Although this was technically a legitimate franchise (until Starbucks found out what was going on) there have been plenty of cases of actual bootleg iterations of internationally known franchises that have no intentions of doing business in Venezuela. Anyone who has spent time on the internet has seen many of these copycat places sprout up in many corners of the world, it’s not a new thing, if I can reiterate that point.
The recent easing of the draconian regulations that destroyed the country has given forth to a new wave of bootleg franchises that have filled some holes left by franchises and stores that either left the country or did not survive the economic collapse. Some recent examples include a restaurant that takes upon the likeness of America’s Five Guys Burgers.
From fake Walgreens, Apple stores, to even pseudo Walmarts, you find plenty of these stuff around, more so than before, but not in such high magnitudes.
It’s simple really, what are the original holders of these IPs gonna do about it, complain to the government of Venezuela? If this regime cares little about human rights, what makes you think they will uphold the intellectual property rights of a foreign company, especially those that represent that which they ideologically oppose? Lmao.
Besides, there’s no way for these companies to enforce their intellectual properties in this country, they literally have no power here. At the same time, it’s hard for a citizen to uphold and defend any intellectual property rights they may have, especially when our laws about it are so obsolete, so it goes both ways.
The Venezuelan regime does partake in a little copyright infringement, as a treat. Case in point, the Kellogg’s brand. This American company bailed out of the country in 2018 and the regime seized all assets, eventually resuming operations and selling the products as if nothing had happened.

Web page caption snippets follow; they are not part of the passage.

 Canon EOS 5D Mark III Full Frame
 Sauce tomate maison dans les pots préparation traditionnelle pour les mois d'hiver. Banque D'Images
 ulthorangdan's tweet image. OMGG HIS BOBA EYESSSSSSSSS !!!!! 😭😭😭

I do have a question, though. If the real Toucan Sam wore a mask, would he wear it like this?
Not all bootleg and copies of brands are done with malicious intent, as I’m pretty sure everyone has seen pictures of Taqueria Goku. It’s funny, its hilarious, and Mr. John Toei in Japan isn’t going to cause a ruckus about it.
I come from a place that indulges in similar practices. Recently, I found out a cousin works at a food place that sells “Whoppers” that have nothing in common with the Burger King product but are vastly cheaper than what a real Whopper costs these days. Some blatant copyright infringements are even playful and very much an ingrained part of their respective cities’ history.

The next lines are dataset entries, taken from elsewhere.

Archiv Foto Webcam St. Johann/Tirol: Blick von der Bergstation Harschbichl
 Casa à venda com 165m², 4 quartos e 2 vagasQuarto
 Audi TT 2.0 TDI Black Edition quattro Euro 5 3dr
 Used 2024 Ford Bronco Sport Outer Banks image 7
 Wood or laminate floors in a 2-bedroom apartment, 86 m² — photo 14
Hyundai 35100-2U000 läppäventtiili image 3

A famous shoe store from my birthplace city of Maracaibo is called “Calzados Pikachu.” I guess the famous Pokémon finally wised up and invested into a business venture of its own.
I was told by someone that the Pikachu in the name is not actually referencing the Pokémon, but rather, it’s a pun on “Pick-a-shoe,” get it? They sell shoes, so when you walk to the store you have to pick a shoe (pikachu).

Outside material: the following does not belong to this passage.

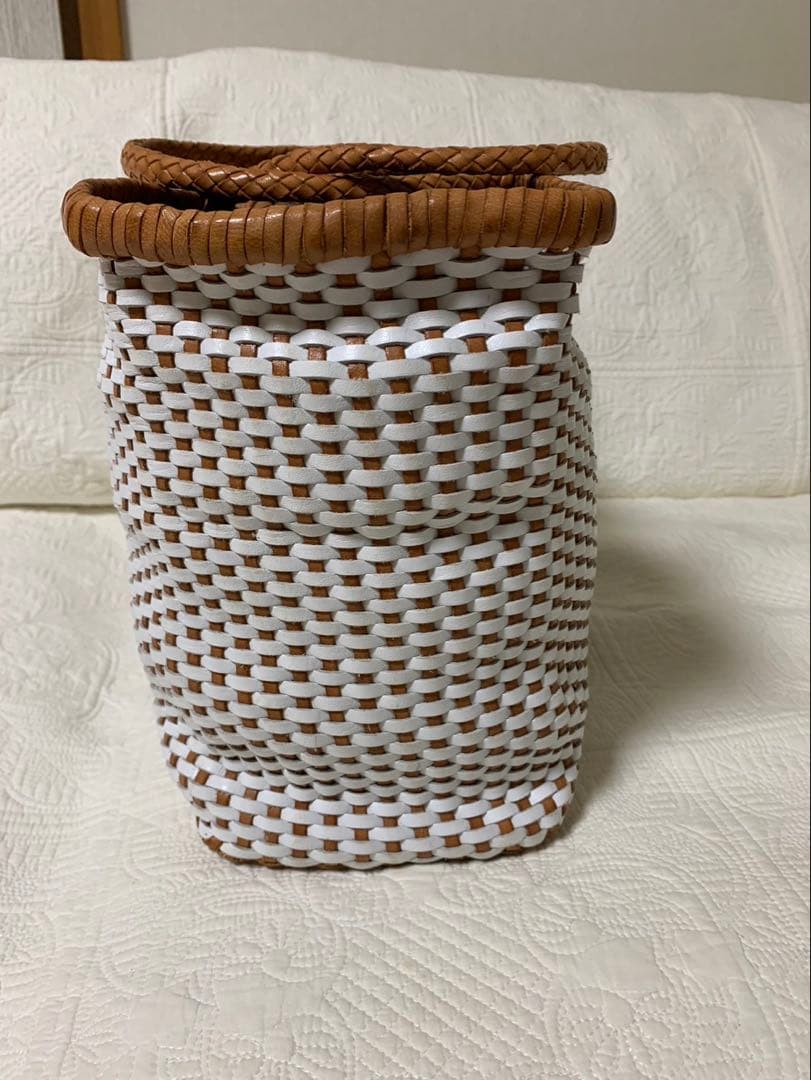 完売品 定価8万 45R かご バッグ バッファローレザー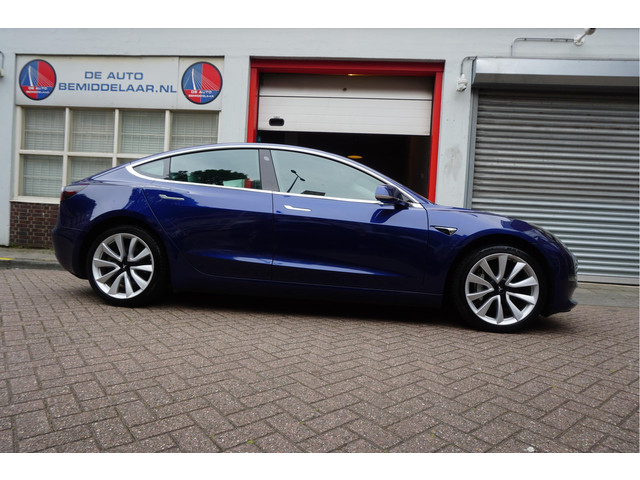 Tesla Model 3 Long Range AWD 75 kWh Dual Motor Battery New 9 2025 via Tesla | BTW | 351 pk | Panorama | Premium Audio | Auto Pilot | Leer | 19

What’s the Pokémon Company and Nintendo gonna do about it? Nothing, there is nothing they can do about it, and anyone that has spent some time with videogames knows how trigger happy and protective Nintendo is with regards to their IP.
Another famous store from my youth, one that used to have a store very close to my grandmother’s place, took upon the likeness of the Flintstones. It’s pretty wild that it still exists today.
There are plenty more examples, regardless, we’re still far from matching the power level of bootlegging that some other countries wield. I know the country has had some rough years, and the last thing in everyone’s minds right now is to worry about these sorts of things, even during the weird but stagnant calm we’re now living in.
Perhaps some more brands will decide to invest in the country, authoritarian regime notwithstanding, it’s ultimately their call (and money). There are some other brands that have left the country, such as Wendy’s, and others, such as McDonald’s, are still afloat albeit at a drastically diminished and reduced quality and offerings.
We’ll see. No matter what happens, bootlegs will always be a thing around here.